> **Provided material**:
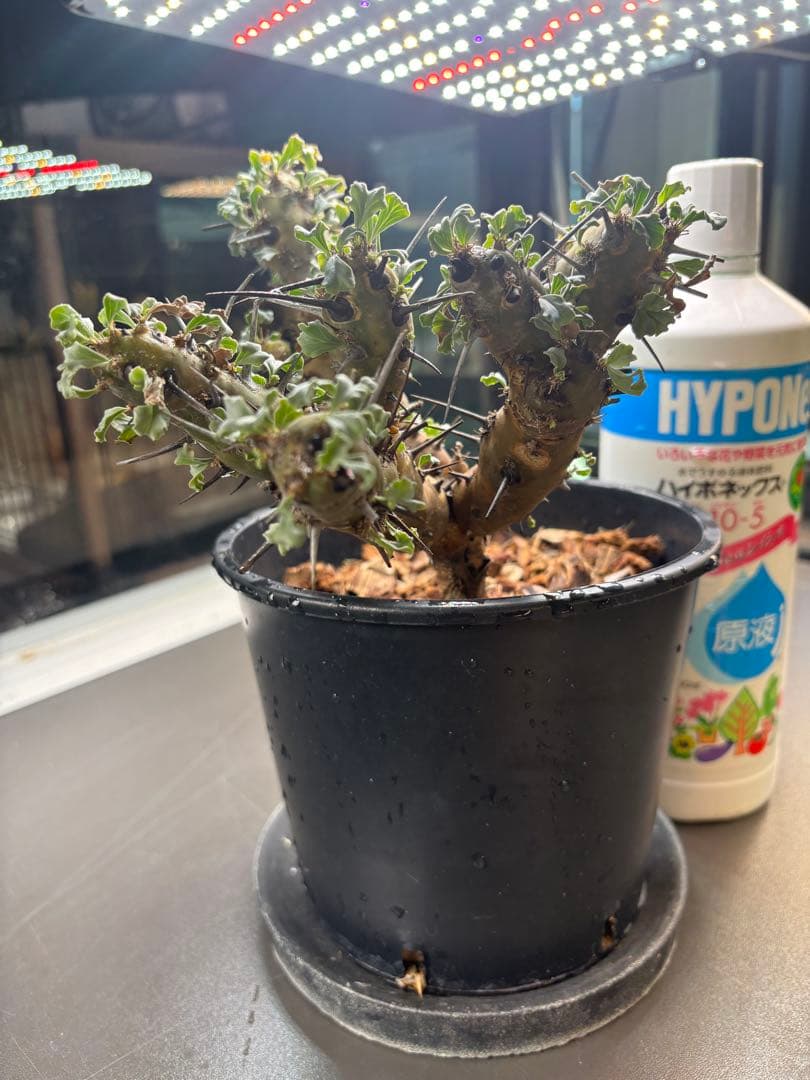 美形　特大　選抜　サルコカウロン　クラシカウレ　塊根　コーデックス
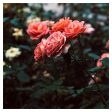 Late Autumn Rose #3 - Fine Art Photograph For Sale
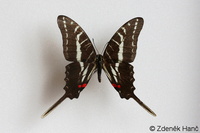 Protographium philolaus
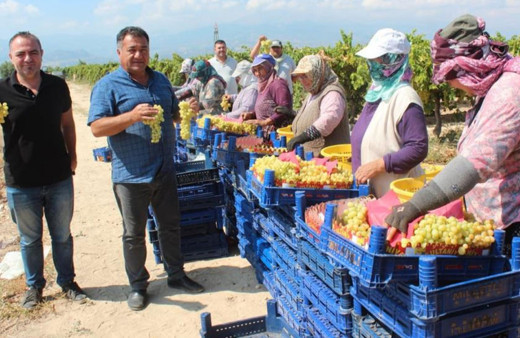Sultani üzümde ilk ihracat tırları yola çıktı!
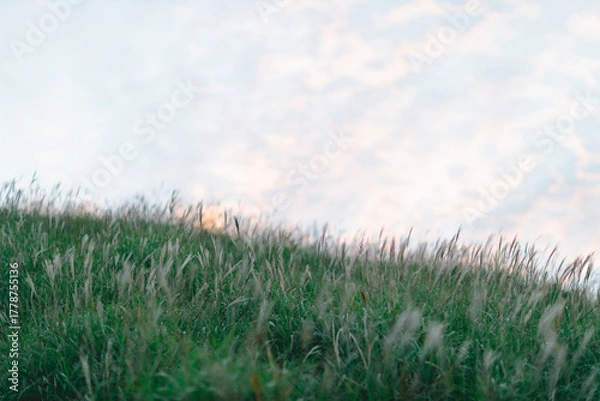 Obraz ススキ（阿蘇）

> **What the exercise asks**: Take the whole listing above and copy it exactly. Pictures do not go into the copy.

> **Response to this exercise**:
 美形　特大　選抜　サルコカウロン　クラシカウレ　塊根　コーデックス
 Late Autumn Rose #3 - Fine Art Photograph For Sale
 Protographium philolaus
Sultani üzümde ilk ihracat tırları yola çıktı!
 Obraz ススキ（阿蘇）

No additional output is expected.